Engenheiro, cantautor, trompetista, jazzista, poeta, romancista, contista, anarquista, surrealista e patafísico. Eis como poderíamos compor o extenso bilhete de identidade de Boris Vian. Atacado desde cedo por uma saúde frágil, nunca deixou no entanto de aproveitar a vida até ao limite, durante a boémia parisiense do pós-guerra, da qual é um dos maiores símbolos. A sua obra literária espelha essa postura, que não poucas vezes lhe valeu o epíteto de escritor maldito. Foi até acusado de atentado à moral pública, quando se descobriu que Vernon Sullivan, o autor de Irei Cuspir-vos nos Túmulos, era afinal um pseudónimo. Não espanta por isso que Boris Vian seja também autor destes Escritos Pornográficos que agora chegam a Portugal, numa edição ilustrada por Pedro Vieira.

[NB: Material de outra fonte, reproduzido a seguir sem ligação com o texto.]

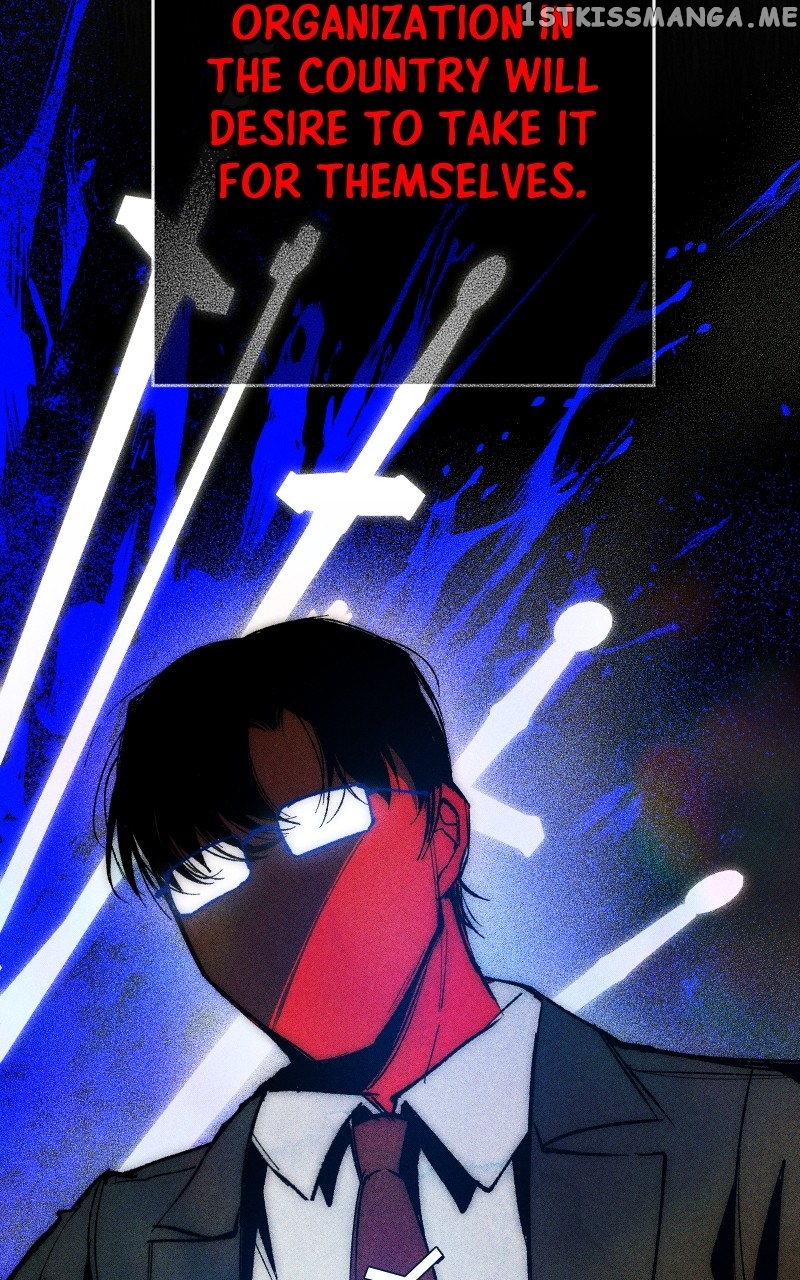 Hand Jumper Chapter 54 - Page 226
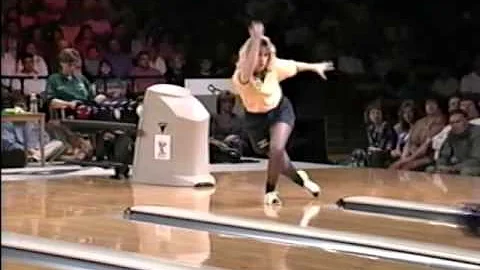 Retro Roll: 1998 U.S. Women's Open - Aleta Sill vs...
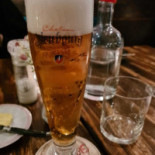 Bouchon D'en FaÇe Maestricht Nourriture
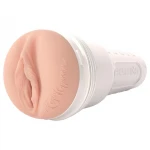 Fleshlight Kayley Gunner - élethű vagina maszturbátor (testszínű)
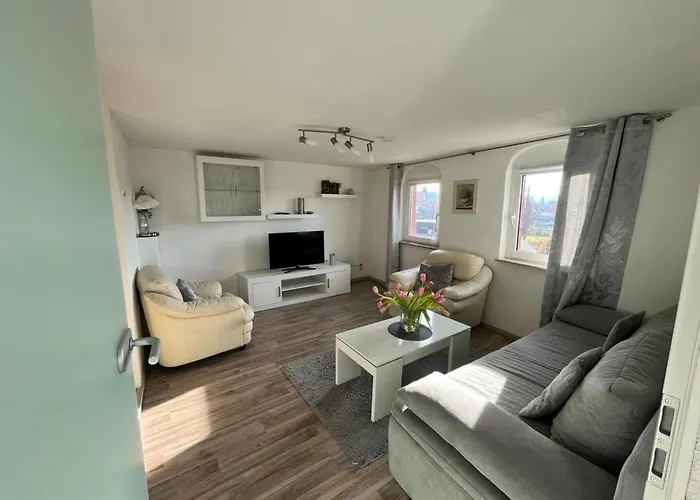 Appartamento Dittrich In Pirna By Interhome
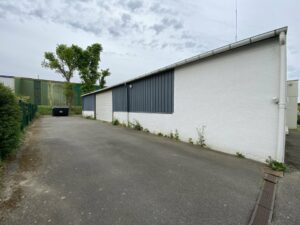 Location Entrepôt – Local d&rsquo;activité à Noyal-sur-Vilaine de 185m² - Réf. n°4822 - PHOTO3_4822_1777382056.jpg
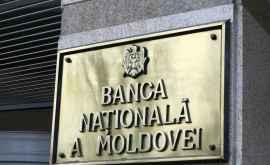 Actualul viceguvernator al BNM eliberat de procurori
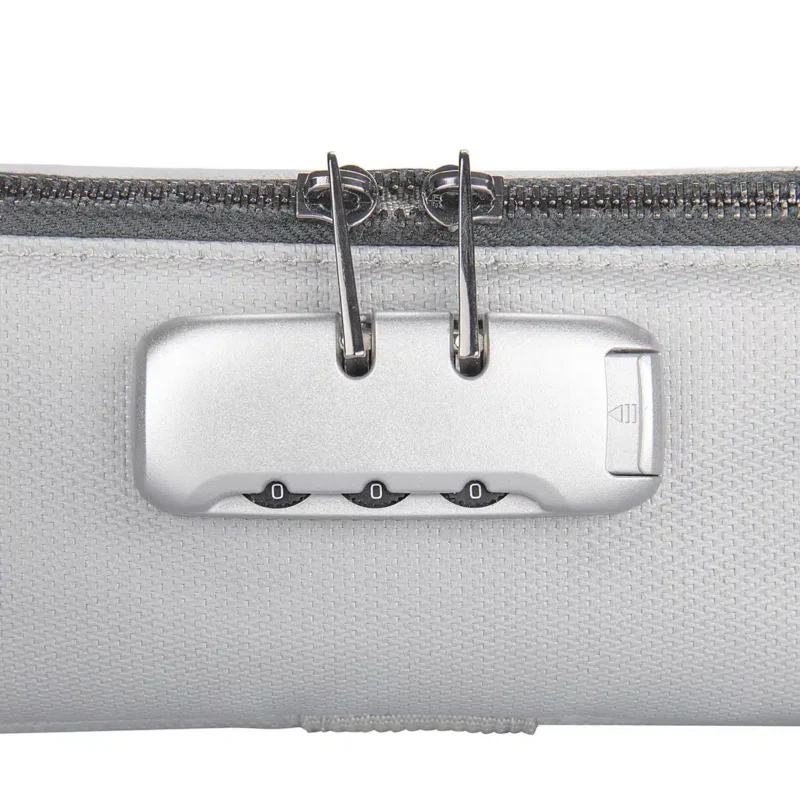 GetxGo Fireproof & Water Resistant Document Box Zipper GetxGo Fireproof & Water Resistant Document Box Zipper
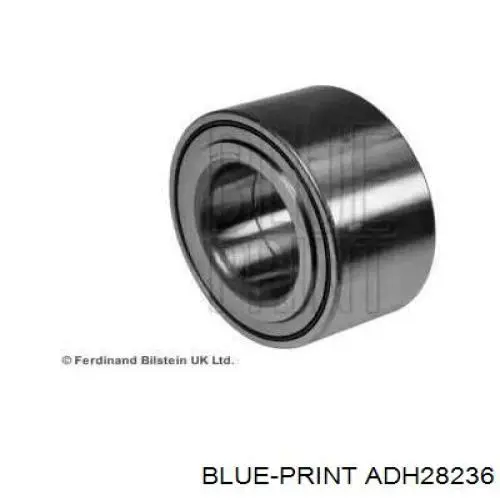 Подшипник ступицы ADH28236 Blue Print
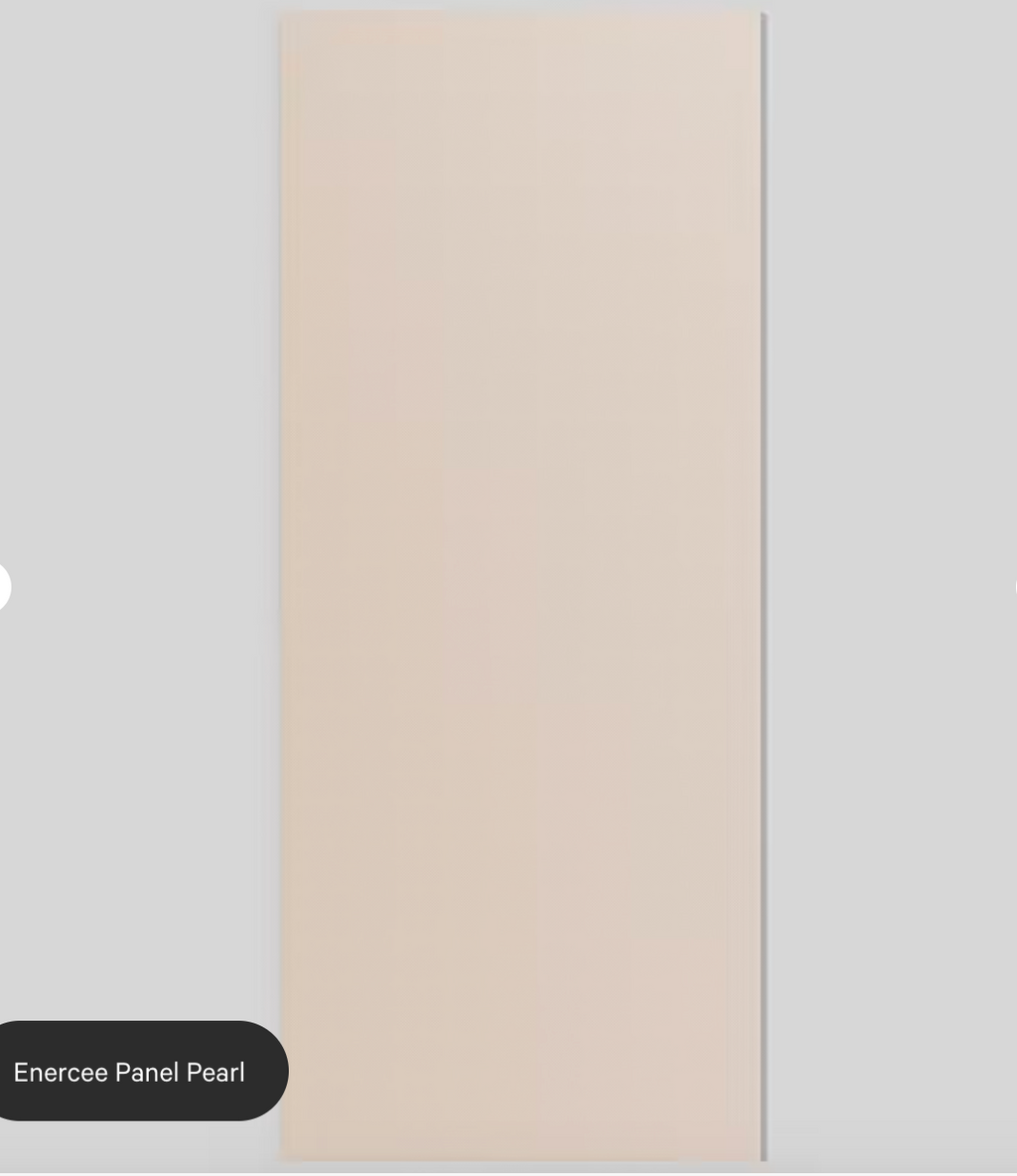 ENERCEE PERFORATED ACOUSTIC PANELS - Solid Colours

Nestes poemas e contos, é a rima solta e engenhosa, tão presente na sua poesia e nas suas canções, que encontramos. Eram famosos os improvisos noturnos de Boris Vian, no Hot Club de França, no cabaré Milrod l’Arssouille ou em casa de amigos, e muitas destas composições líricas e libidinosas nasceram aí. Talvez por isso, a qualidade seja desigual, quer como poemas, quer como criações pornográfica. Liberdade (a partir de uma poema de Paul Eluard), Durante o Congresso e As Fufas são breves cantilenas, em que o sujeito poético oscila entre o concreto e o indefinido, a dúvida e a certeza, o entusiasmo e a repulsa. Já os outros dois poemas, A Marcha do Pepino e A Missa em João Menor, são bons exemplos da ironia de Boris Vian e do seu ataque sem tréguas a qualquer instituição. Por último, Drencula – Excerto do Diário de David Benson revisita a mitologia dos condes da Transilvânia, num cómico delírio sexual.
Não se pense, contudo, que estes poemas e contos fazem do autor de A Espuma dos Dias ou O Arranca Corações um entusiasta da pornografia. Isso mesmo admitia o seu compagnon de route Noël Arnaud, que em 1980 assinava o prefácio a estes escritos. “É preciso admiti-lo: Boris Vian apreciava pouco a pornografia, não molhava nela a sua pena e via nesse género sobretudo um exercício literário como outro qualquer que preferia deixar para os especialistas, incluindo alguns grandes autores”. E acrescentava: “Era-lhe, de tempos a tempos, uma oportunidade para se divertir ou para pagar uma aposta”. Ideia que sai reforçada depois da leitura de Utilidade de uma literatura Pornográfica, que abre este volume. Trata-se de uma conferência em que Boris Vian desconstrói alguns autores (como Sade ou Henry Miller) e definições da pornografia, para lhe opor apenas uma: “É perigoso acreditar que um livro possa influenciar um leitor… Se assim fosse, não haveria ninguém à face da terra desde a história do primeiro crime.” Por isso formula o escritor a seguinte evidência: “Não há literatura erótica senão no espírito do erotómano”. Daí que qualquer texto possa ser incluído nessa categoria, pois como defende Fernando Pessoa, no famoso poema Isto: “Sentir? Sinta quem lê!” E toda a leitura é sempre poliformicamente sensual.